How can we help students with dietary restrictions find meals at restaurants?
Role: UX Researcher + UX Designer
Tools: Pen & Paper, Balsamiq, Sketch, Invision, Principle
Award: Finalist @ Convergence Innovation Competition
Duration: 3 months
Details: 4 person team project @ Georgia Tech
1 in 6 Americans have a dietary restriction and while some restaurants are accommodating at a face value - "Please inform your server if you have any food allergies or special dietary restrictions", the reality is different.
People with dietary restrictions face issues in their daily life. Students are busy, leaving less time to choose restaurants & look at compatible menu items. Their difficult is amplified by factors like social stigma & having an overall lack of information to take informed decisions.
60% of users mentioned that they found out about their dietary restriction only 0-5 years ago which means they are not well informed about their restrictions and find this transition extremely overwhelming.
Our research showed 35% of people chose ‘Social Stigma’ as the main cause to not bring up their restriction at restaurants which means users are uncomfortable bringning up their dietary restrictions.
Over 40% of students considered themselves to have language barriers, i.e unable to understand or converse in spoken English
How Infograin works?
A mobile app that shows a list of restaurants compatible with users dietary restrictions sorted (by default) on a customized score for each restaurant.

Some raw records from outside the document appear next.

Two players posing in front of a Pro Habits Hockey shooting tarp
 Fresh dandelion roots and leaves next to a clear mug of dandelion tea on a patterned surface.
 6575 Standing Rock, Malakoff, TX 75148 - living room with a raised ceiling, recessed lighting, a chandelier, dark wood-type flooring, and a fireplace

#1 Personalization: Multiple Dietary Restriction Selection
Users can select multiple restrictions and get a list of restaurants encompassing all previously mentioned restrictions.
#2 Discoverability: Color Coded Match Score to indicate the compatibility of the restaurant
Users can quickly browse through compatible restaurants by just looking at the score. This customized match score is based on other user reviews and ratings as well as dishes at a restaurant that fit users dietary restrictions.
#3 Customizability: Menu filtering
Users can filter through the menu based on handy legends but can also view complete menu helpful in social group settings.
Problem Space & Research Questions
Our initial goal was to understand issues students face while grocery shopping but our initial interviews and observations led us to pivot to a more pressing need - the inability to find restaurants to accommodate their dietary restrictions.
- How does student's history (eg, number of years with a restriction) with their dietary restriction inform their process?
- How do users decide on a restaurant to eat out at?
- What influence do social setting and surrounding environment have on their decision-making process?
From the research, we noticed that three different user groups emerged - Vikki, the voluntary vegan; Vishnu, the international vegetarian student, and Grace, a gluten-free gal because of health issues. This implies that Vikki might be more flexible, Vishnu has a learning process, and Grace who is gluten-free due to health issue. Personas helped us answer an important question - Who are we creating Infograin for?
The question at the back of our minds: how can we simplify the process?
We created a feasiblity vs originality map and placed all the ideas. We further gave score to each idea based on the reach, value for customer and potential revenue for Infograin. This exercise led us to shortlist three ideas which we then showed to users.
Feature Level Decision: Winner or Best of three worlds?
Having obtained informal feedback from concept testing with users, we realized that we could combine the best parts of each design into our solution. We went back to the whiteboard and reviewed each design on a feature level. Mapping user responses to each feature helped us realize that we could take the positive things from each design and converge on those.
We gave 8 users 2 tasks and made the user scenarios realistic drawing from the user research previously conducted.
- Task 1: Pick a restaurant in this area: You only have the maps view available to you and you cannot drill down and click on the restaurant to view their menu.
- Task 2: Pick a dish from a given restaurant: You are going with a friend who does not have any dietary restriction and you need to pick a dish for them as well.
User feedback was concentrated in three areas:
- Selecting dietary restriction
- Map view
- Menu Page
and this is how I incorporated the feedback...
Professionally, I am happy with the way we incorporated user
feedback throughout the project and grounded our design in
extensive user research. This was evident from our final
evaluation which received a SUS rating of 80 and all the
informal feedback we got at the Convergence Innovation Competition.
Personally, this project is extremely close to my heart since it addressed issues that close friends struggle with on a daily basis.
If I had more time part, I would bring Infograin to the next level and explore how it would be able to support a group of users - some with dietary restrictions and some without - to have a delightful experience with food that suits everyone at the table.